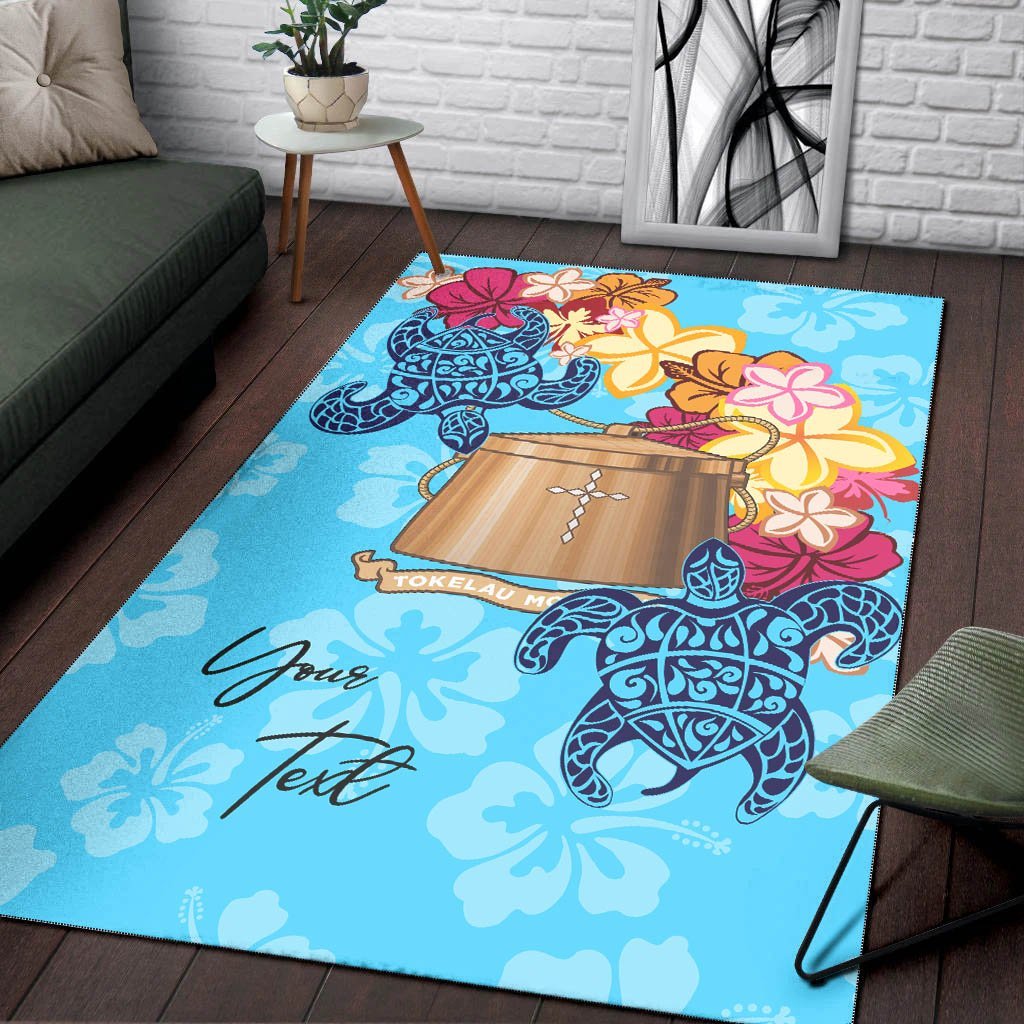 Tokelau Area Rug - Custom Personalised Tropical Style - Vibe Hoodie Shop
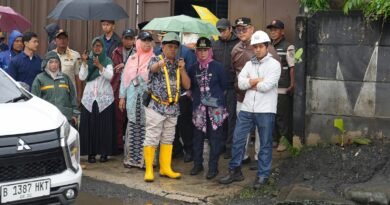 Wali Kota Jakbar: Genangan di Jalan Peta Utara–Jalan 1 Maret Disebabkan Saluran Tersumbat
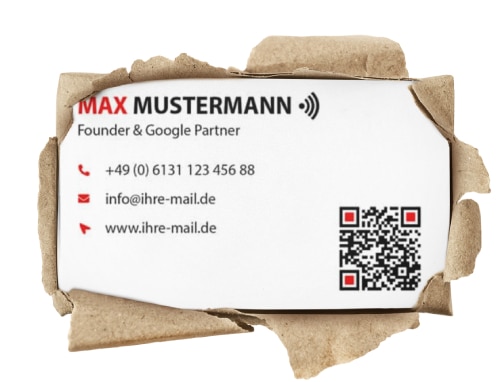 NFC Visitenkarten
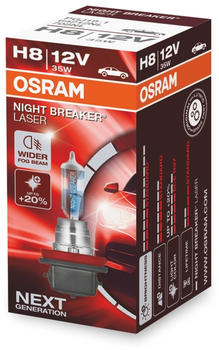 Osram Night Breaker Laser H8 Next Gen (64212NL)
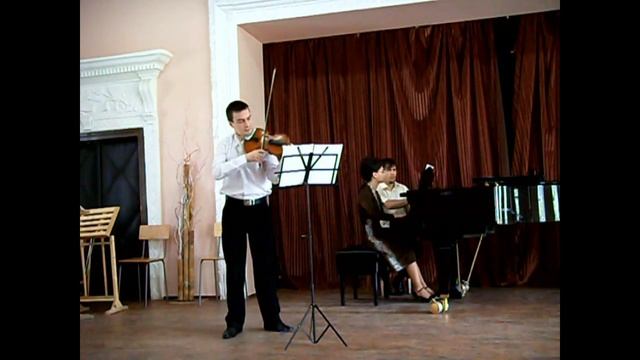 Feofentov Denis и Нарлы Е. - Е. Подгайц соната-сюита 1,2,3 ч. смотреть онлайн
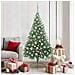 Albero di Natale artificiale con luci integrate Verde 180 cm - Foto miniatura 2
· · ·
#### [What is needed]
Starting with the line that has "Wali Kota Jakbar: Genangan" and ending with the last line of the records, retype every line exactly and only those lines. Do not include the pictures.

#### [Response to the task]
 Wali Kota Jakbar: Genangan di Jalan Peta Utara–Jalan 1 Maret Disebabkan Saluran Tersumbat
 NFC Visitenkarten
 Osram Night Breaker Laser H8 Next Gen (64212NL)
 Feofentov Denis и Нарлы Е. - Е. Подгайц соната-сюита 1,2,3 ч. смотреть онлайн
 Albero di Natale artificiale con luci integrate Verde 180 cm - Foto miniatura 2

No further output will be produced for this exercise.